*INFORMATION PROVIDED*
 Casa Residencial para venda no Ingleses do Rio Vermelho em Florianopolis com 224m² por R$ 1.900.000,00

--

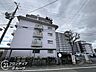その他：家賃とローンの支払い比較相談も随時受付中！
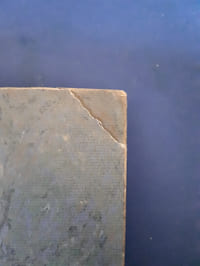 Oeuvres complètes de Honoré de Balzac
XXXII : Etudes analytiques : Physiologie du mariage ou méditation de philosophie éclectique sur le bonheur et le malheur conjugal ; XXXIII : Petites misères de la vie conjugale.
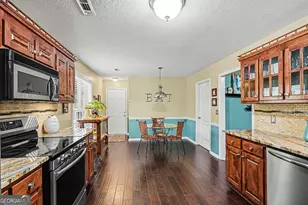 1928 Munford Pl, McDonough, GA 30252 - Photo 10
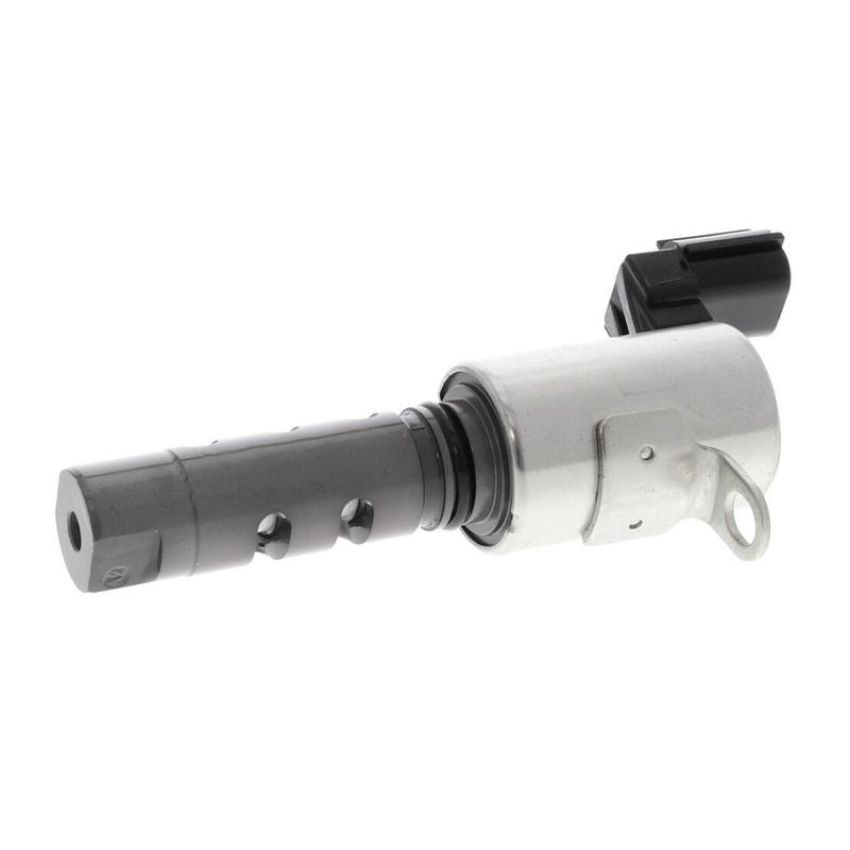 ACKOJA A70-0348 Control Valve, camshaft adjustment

*TO DO*
Keep to the stretch from the line containing "その他：家賃とローンの支払い比較相談も随時受付中！" through the line containing "ACKOJA A70-0348 Control", both ends included, and copy it exactly from the listing above, minus the pictures.

*SOLUTION TO THIS EXERCISE*
その他：家賃とローンの支払い比較相談も随時受付中！
 Oeuvres complètes de Honoré de Balzac
XXXII : Etudes analytiques : Physiologie du mariage ou méditation de philosophie éclectique sur le bonheur et le malheur conjugal ; XXXIII : Petites misères de la vie conjugale.
 1928 Munford Pl, McDonough, GA 30252 - Photo 10
 ACKOJA A70-0348 Control Valve, camshaft adjustment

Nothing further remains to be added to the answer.